- _The task_: What lines in the entries below contain the word "Black"? Copy all of them.

- _Records provided_:
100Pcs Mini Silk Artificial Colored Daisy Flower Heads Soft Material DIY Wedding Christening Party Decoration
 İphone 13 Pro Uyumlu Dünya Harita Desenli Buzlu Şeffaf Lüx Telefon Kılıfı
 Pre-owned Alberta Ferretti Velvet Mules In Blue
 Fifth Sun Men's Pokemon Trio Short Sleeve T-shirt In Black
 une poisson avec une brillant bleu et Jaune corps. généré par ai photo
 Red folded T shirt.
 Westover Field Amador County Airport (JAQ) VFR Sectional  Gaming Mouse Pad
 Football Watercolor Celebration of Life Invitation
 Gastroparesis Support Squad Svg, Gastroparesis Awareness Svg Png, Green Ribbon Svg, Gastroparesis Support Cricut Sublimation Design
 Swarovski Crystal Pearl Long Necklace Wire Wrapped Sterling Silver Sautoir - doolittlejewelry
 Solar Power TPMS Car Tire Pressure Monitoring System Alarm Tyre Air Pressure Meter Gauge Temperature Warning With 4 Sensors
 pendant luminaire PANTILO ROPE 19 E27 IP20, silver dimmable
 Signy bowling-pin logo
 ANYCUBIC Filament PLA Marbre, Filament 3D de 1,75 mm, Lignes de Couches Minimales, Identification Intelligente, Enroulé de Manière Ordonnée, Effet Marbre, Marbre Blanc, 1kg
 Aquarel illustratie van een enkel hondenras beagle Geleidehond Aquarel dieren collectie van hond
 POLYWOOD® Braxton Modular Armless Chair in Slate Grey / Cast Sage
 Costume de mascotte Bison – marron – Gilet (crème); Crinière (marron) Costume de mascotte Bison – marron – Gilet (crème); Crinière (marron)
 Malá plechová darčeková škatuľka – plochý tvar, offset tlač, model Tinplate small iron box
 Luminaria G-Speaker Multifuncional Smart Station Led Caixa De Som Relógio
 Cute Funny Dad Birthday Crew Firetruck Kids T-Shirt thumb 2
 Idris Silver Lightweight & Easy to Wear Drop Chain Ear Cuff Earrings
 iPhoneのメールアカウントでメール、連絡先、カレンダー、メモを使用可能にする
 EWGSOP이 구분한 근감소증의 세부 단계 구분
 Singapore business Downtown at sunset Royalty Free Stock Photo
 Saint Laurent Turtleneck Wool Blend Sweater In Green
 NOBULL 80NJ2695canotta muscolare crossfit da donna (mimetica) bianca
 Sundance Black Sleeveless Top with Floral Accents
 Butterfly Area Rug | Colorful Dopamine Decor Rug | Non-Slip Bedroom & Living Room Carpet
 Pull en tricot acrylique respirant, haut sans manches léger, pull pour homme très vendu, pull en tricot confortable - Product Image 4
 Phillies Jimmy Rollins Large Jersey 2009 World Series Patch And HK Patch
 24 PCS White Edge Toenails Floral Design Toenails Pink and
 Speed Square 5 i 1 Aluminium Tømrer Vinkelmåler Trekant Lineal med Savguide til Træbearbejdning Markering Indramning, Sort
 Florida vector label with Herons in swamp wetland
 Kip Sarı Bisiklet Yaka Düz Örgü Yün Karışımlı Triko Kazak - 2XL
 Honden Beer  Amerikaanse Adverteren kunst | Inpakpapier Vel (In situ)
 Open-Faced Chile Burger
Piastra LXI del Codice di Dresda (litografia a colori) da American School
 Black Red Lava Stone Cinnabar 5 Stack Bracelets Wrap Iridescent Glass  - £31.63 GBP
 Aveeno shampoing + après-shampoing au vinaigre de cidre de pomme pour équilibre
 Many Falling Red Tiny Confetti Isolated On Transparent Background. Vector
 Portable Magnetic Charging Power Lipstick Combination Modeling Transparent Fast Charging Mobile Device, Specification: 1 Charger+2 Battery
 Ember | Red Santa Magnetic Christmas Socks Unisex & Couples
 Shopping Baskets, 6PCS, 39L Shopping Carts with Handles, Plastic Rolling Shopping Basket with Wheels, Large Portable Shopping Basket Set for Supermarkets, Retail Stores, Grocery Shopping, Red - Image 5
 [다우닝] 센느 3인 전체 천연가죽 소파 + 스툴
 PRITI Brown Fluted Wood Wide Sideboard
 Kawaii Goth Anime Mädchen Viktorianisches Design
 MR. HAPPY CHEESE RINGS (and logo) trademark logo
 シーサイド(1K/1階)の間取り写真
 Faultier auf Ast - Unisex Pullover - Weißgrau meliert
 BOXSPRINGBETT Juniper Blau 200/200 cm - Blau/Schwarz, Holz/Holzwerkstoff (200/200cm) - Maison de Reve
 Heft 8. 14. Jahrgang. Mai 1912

- _Solved problem_:
 Fifth Sun Men's Pokemon Trio Short Sleeve T-shirt In Black
 Sundance Black Sleeveless Top with Floral Accents
 Black Red Lava Stone Cinnabar 5 Stack Bracelets Wrap Iridescent Glass  - £31.63 GBP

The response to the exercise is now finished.